These all died in faith, not having received the things promised, but having seen them and greeted them from afar, and having acknowledged that they were strangers and exiles on the earth. For people who speak thus make it clear that they are seeking a homeland. If they had been thinking of that land from which they had gone out, they would have had opportunity to return. But as it is, they desire a better country, that is, a heavenly one. Therefore God is not ashamed to be called their God, for he has prepared for them a city.

-Hebrews 11:13-16, ESV

Recently, we contrasted Judah’s Adam-like failure when tempted with Joseph’s Christlike success when tempted.  Overcoming temptation was only one way in which Joseph prefigured Christ.  After being falsely accused and condemned, he “descended into the pit” before ascending to prominence and working physical salvation for God’s people.  Though betrayed by those closest to him, his trust in God remained steadfast—and God used it all for good.  Yet the “hall of faith” only says this about Joseph: “By faith Joseph, at the end of his life, made mention of the exodus of the Israelites and gave directions concerning his bones” (Hebrews 11:22).  Of all that could be said of Joseph, we may wonder why the Holy Spirit inspired this, but we will discover that this statement is just as remarkable, unveiling a pattern that is key to understanding the hall of faith.

More Than a Hall of Fame

Hebrews 11:1-12:2 is the most familiar passage of this often-misunderstood epistle.  As a result, it is treated much like a hall of fame: a place we go to be inspired by the greatness of those who went before us.  We should be inspired to greater faith by our ancestors, but the context of Hebrews forces us to look beyond that for the purpose of this passage.  Hebrews was clearly written to Jews to prove that Jesus Christ fulfills all of the Law and Prophets in order to prepare them for coming persecution.  The author begins by proving that Jesus is greater than angels (Hebrews 1-2), so we must pay closer attention to Christ than to the Law delivered by angels (Hebrews 2:1-4).  He then proves that Jesus is greater than Moses, bringing His people into true Sabbath rest that Moses and Joshua never could (Hebrews 3:1-4:13).  Next, he proves that Jesus is the great high priest and therefore the only true mediator between us and God (Hebrews 4:14-7:28), mediating a better covenant (Hebrews 8) in heaven, which the earthly Temple and its contents merely reflect (Hebrews 9).  Christ offered the greater sacrifice once for all that makes all other sacrifices obsolete (Hebrews 10:1-18). 

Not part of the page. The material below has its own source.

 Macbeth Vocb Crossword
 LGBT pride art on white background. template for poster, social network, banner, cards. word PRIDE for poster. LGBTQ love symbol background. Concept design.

Then the focus shifts to preparation for trials.  The audience had already endured trials, but it was about to get much worse.  Since Holy Week, the Jewish establishment had been the staunchest opponent of Christ and His Church.  Their persecution of Christians would intensify until the destruction of Jerusalem in 70 A.D.  God promised to destroy anyone who destroyed His Church (1 Corinthians 3:17), so four decades after Jesus prophesied their destruction in the Olivet Discourse, He would carry it out by the hand of the Romans.  The Temple that had always been so central to Jewish religion and identity would be destroyed and with it the priesthood and sacrificial system, never to return.  Millions of Jews would die, and the Jewish nation would be wiped off the map.  The remaining Jews—including Jewish Christians—would be scattered throughout the world.  Everything they knew about God would be called into question, particularly all of His promises to them.  Additionally, they would see apparently genuine believers around them fall away, which the author addresses throughout the letter (Hebrews 2:1, 3:12, 4:11).  The sternest warning comes in Hebrews 5:11-6:8).  This passage has often been used to argue that it is possible to lose your salvation, but Scripture clearly teaches that all who are truly saved cannot be lost.  Instead, this passage refers to nominal Christians who appear genuine but by falling away prove that they were never true Christians at all, so the faith of genuine Christians should not be shaken when nominal Christians fall away.  This is all but proven by the subsequent verse: “Though we speak in this way, yet in your case, beloved, we feel sure of better things—things that belong to salvation” (Hebrews 6:9). 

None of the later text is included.